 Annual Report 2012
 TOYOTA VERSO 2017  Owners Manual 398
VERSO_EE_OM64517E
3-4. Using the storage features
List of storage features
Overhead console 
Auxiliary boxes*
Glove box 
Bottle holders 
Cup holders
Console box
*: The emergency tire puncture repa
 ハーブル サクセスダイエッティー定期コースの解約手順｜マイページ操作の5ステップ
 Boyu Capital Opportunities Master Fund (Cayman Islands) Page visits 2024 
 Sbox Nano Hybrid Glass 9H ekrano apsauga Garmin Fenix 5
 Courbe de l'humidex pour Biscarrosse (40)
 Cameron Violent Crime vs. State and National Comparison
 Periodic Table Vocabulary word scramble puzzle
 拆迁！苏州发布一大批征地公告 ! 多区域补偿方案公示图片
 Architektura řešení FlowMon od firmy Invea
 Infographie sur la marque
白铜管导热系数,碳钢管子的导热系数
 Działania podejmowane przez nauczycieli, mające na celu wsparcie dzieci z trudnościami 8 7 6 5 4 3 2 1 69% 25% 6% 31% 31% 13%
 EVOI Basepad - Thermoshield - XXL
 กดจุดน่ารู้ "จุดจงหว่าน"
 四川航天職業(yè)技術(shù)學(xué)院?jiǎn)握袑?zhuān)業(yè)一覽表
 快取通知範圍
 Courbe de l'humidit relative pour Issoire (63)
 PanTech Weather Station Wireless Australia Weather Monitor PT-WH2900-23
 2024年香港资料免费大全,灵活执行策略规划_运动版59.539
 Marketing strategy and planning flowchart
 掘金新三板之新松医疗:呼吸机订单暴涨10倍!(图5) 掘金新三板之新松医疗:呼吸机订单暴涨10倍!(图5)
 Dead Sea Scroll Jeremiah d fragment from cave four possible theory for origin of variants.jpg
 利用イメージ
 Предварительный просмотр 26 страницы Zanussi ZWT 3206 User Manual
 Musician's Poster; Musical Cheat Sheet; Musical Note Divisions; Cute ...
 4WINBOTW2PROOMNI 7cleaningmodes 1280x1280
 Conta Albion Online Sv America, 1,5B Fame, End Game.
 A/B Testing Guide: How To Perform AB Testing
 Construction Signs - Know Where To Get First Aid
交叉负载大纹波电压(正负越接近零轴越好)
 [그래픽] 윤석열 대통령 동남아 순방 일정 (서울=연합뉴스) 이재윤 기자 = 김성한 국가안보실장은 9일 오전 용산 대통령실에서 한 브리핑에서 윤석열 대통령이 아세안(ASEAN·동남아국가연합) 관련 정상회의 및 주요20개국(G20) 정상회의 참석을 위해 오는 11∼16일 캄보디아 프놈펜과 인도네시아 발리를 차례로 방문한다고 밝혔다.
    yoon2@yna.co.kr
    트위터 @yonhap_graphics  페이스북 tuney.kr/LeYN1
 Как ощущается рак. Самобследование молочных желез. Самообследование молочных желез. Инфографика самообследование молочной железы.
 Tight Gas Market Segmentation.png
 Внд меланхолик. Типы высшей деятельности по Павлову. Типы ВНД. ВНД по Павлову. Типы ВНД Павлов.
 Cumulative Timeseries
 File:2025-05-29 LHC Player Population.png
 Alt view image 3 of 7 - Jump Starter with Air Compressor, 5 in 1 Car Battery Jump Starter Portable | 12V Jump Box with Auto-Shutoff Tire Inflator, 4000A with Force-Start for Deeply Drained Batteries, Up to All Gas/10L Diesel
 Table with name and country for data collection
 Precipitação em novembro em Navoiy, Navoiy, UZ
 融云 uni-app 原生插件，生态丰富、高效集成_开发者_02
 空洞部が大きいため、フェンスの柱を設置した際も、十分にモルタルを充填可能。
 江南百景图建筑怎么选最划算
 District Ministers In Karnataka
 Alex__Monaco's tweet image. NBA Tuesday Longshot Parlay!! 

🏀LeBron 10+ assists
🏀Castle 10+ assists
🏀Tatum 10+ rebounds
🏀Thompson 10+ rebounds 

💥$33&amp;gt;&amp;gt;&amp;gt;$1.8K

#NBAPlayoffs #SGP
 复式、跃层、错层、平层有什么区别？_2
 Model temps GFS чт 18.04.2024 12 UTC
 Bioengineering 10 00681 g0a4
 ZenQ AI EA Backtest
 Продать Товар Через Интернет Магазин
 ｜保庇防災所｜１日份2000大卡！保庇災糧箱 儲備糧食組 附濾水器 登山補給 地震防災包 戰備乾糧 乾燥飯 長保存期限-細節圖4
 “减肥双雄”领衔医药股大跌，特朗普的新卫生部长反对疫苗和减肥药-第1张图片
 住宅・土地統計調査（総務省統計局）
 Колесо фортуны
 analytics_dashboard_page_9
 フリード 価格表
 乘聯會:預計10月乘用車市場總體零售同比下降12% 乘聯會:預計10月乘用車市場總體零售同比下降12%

--*--

- YOUR OBJECTIVE
Repeat only the stretch of lines that begins at the line containing "analytics_dashboard_page_9" and ends at the last line above, both included.

- ANSWER AREA
 analytics_dashboard_page_9
 フリード 価格表
 乘聯會:預計10月乘用車市場總體零售同比下降12% 乘聯會:預計10月乘用車市場總體零售同比下降12%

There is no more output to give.